■ Assignment:
Would you please set down the data again exactly as given, excluding the pictures?

Dataset content Start Marker

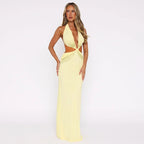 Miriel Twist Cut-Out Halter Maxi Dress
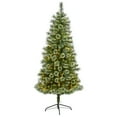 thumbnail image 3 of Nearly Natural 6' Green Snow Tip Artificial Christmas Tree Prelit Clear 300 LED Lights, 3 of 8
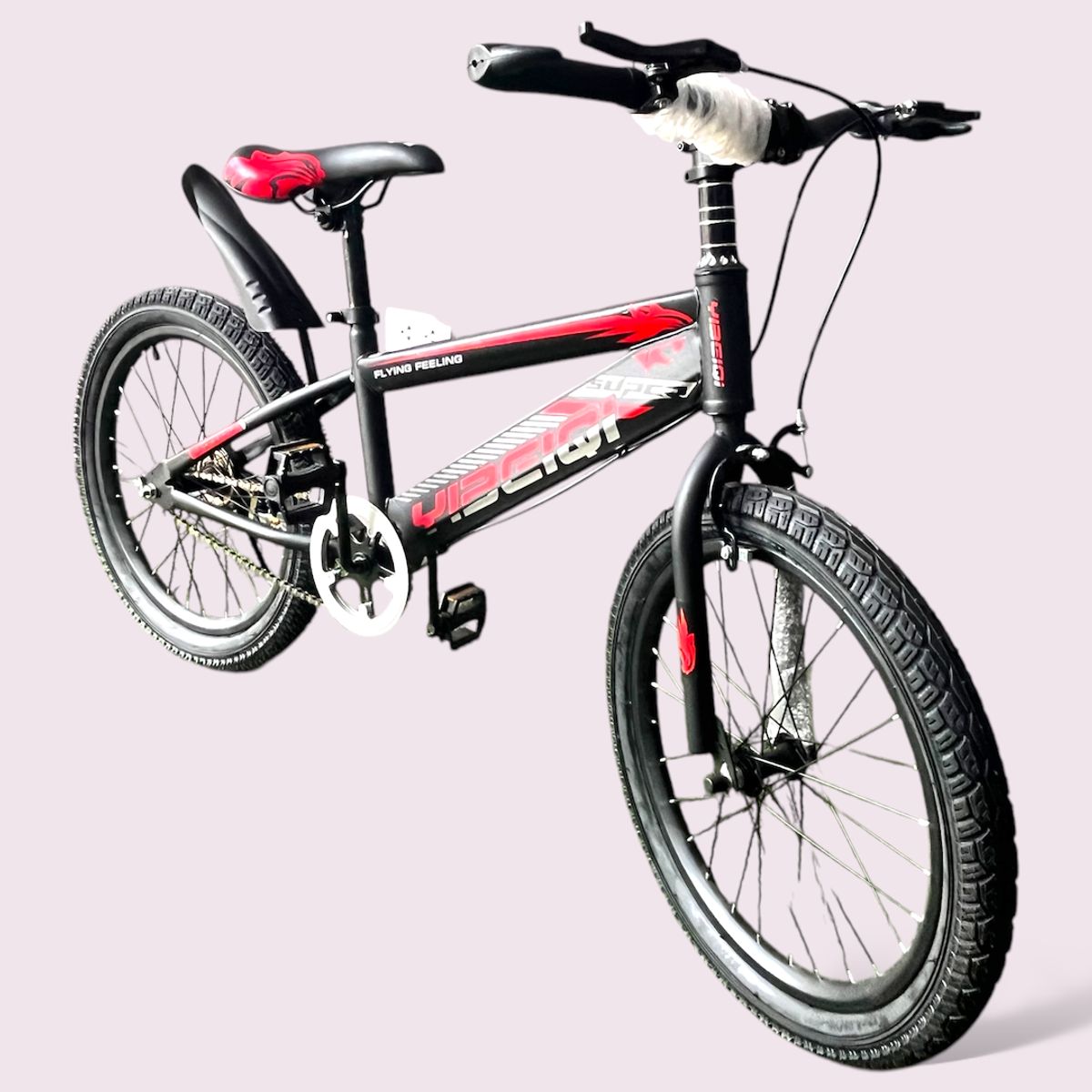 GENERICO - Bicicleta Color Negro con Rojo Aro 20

Dataset content End Marker

■ Task solution:
 Miriel Twist Cut-Out Halter Maxi Dress
 thumbnail image 3 of Nearly Natural 6' Green Snow Tip Artificial Christmas Tree Prelit Clear 300 LED Lights, 3 of 8
 GENERICO - Bicicleta Color Negro con Rojo Aro 20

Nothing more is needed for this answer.